BASL and its role in IA registration SEBI vide regulation 14 of IA Regulations, has granted recognition to BSE Administration and Supervision Limited (BASL), a subsidiary of BSE Limited (BSE) as Investment Adviser Administration and Supervisory Body (IAASB) through a circular dated June 18, 2021. [Ref. SEBI circular no. SEBI/HO/IMD/IMD-I/DOF1/P/ CIR/2021/579 dated June 18, 2021]
Accordingly, any person desirous of obtaining a certificate of registration as an IA is required to first obtain membership of BASL and then make an application for grant of certificate of registration in the format of Form A as specified in the First Schedule to the IA Regulations along with necessary supporting documents specified therein.
The process for seeking membership from BASL and registration from SEBI as an IA is specified in BASL circular no. 20220718-1 dated July 18, 2022 and is available on BASL website (https://www. bseasl.com) at “Circular » BASL Circulars”.

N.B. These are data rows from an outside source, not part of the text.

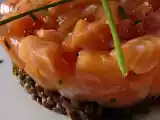 Recette Tartare de saumon aux lentilles vertes du puy et croquettes de lentilles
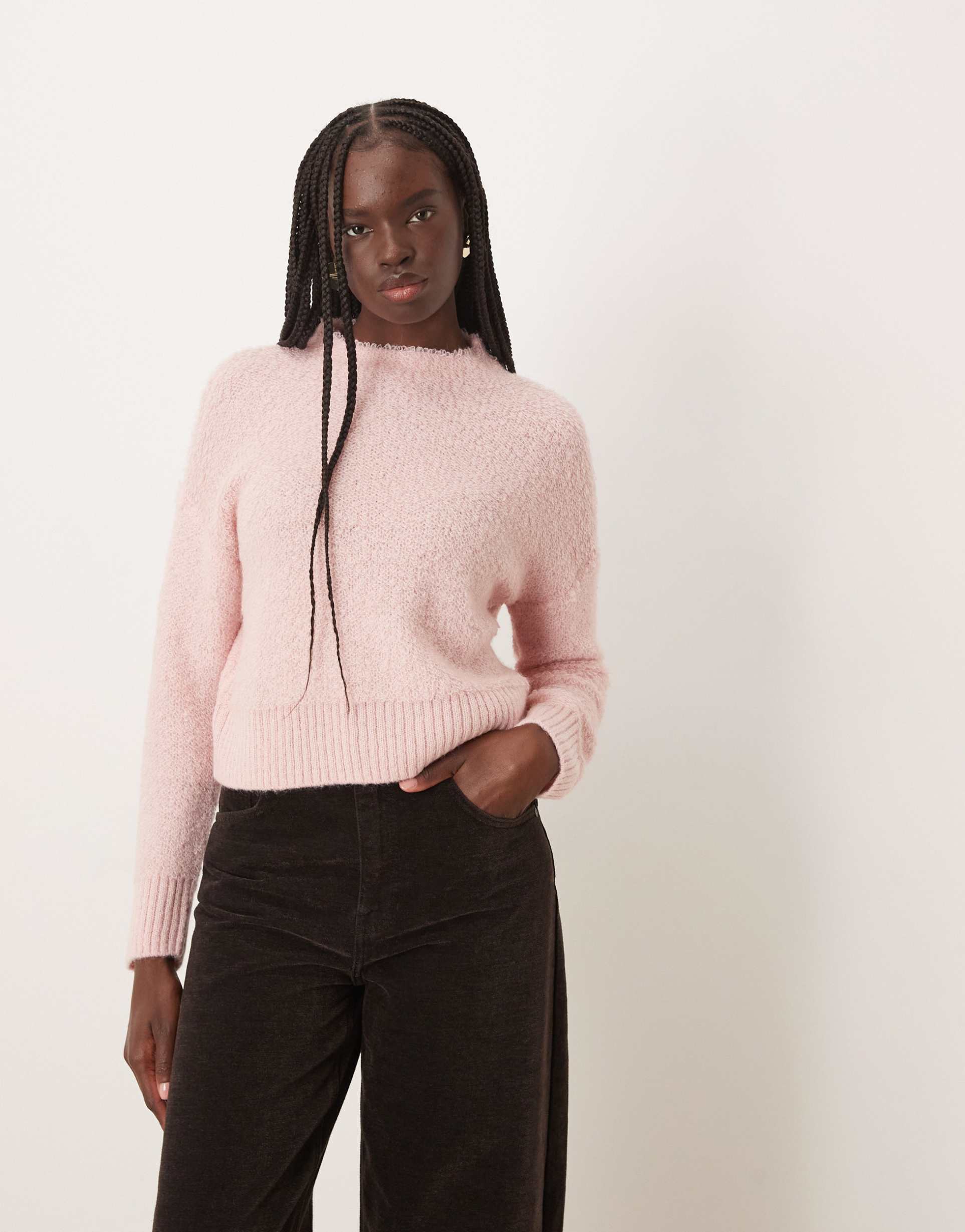 mango high neck textured sweater in pastel pink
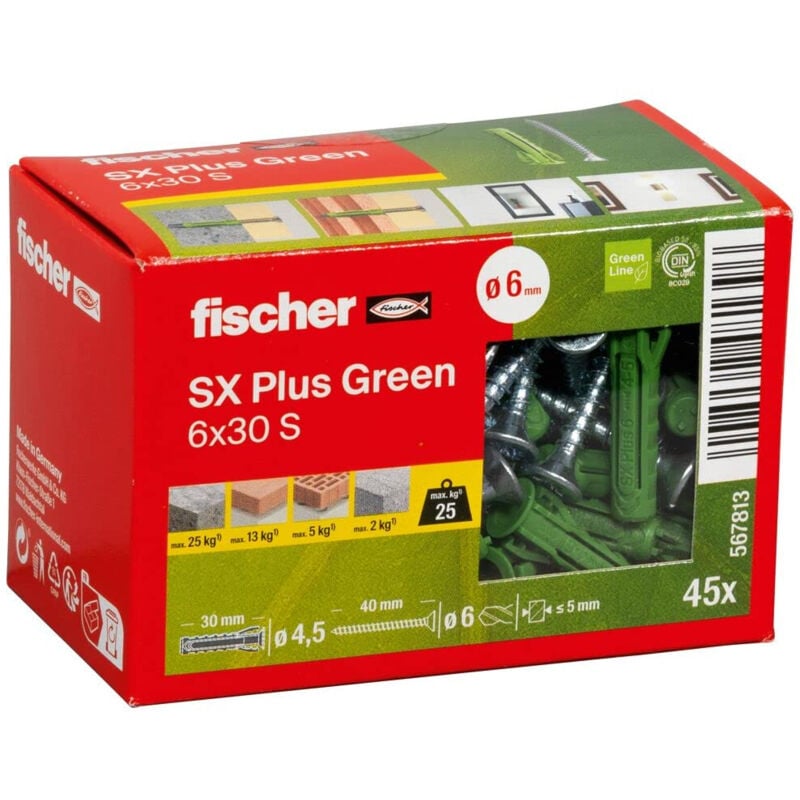 Cheville sx plus green 6X30 s 567813 - Fischer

Exemptions form Registration as Investment Adviser
There are certain exemptions also provided by SEBI from RIA registration, subject to certain specific conditions, which are as under: –
- Any person who gives general comments in good faith in regard to trends in the financial or securities market or the economic situation where such comments do not specify any particular securities or investment product;
- Members of Institute of Company Secretaries of India (ICSI), Institute of Cost and Works Accountants of India (ICMAI), and Institute of Chartered Accountants of India (ICAI) who provide investment advice to clients, incidental to their professional services;
- Any advocate, solicitor or law firm, who provides investment advice to their clients, incidental to their legal practice;
- Insurance agents or brokers registered with IRDAI;
- Pension advisors registered with PFRDA;
- Mutual fund distributors registered with AMFI who can provide basic advice to client’s incidental to distribution activity;
- Any stockbroker or Portfolio manager, Merchant banker registered with the SEBI;
- Fund manager of Mutual fund scheme;
- Any fund manager, by whatever name called of a mutual fund, alternative investment fund or any other intermediary or entity registered with the Board;
- Any person who provides investment advice exclusively to foreign clients.
SEBI has granted exemption from registration to certain categories of professionals – CAs, CSs, CMAs and Advocates who provide investment advice to clients incidental to their professional or legal practice. SEBI has clarified through a FAQ that such classes of professionals have been exempted only to the extent investment advice is incidental to their respective profession. Hence any investment advisory services provided by specified professional which is not incidental to their respective practice shall require the said professional or firm of professional rendering the service to seek registration from SEBI under Regulation 3 of the SEBI (Investment Advisers) Regulations, 2013.
ICAI Code of Conduct v. Investor Adviser Definitions
As mentioned earlier, tax professionals like Chartered Accountants who give investment advice to their clients that is incidental to their professional services are exempted from seeking registration under the IA Regulations. However, if they provide investment advisory services in securities as an activity which is not incidental to their main activity, then they need to register as an IA.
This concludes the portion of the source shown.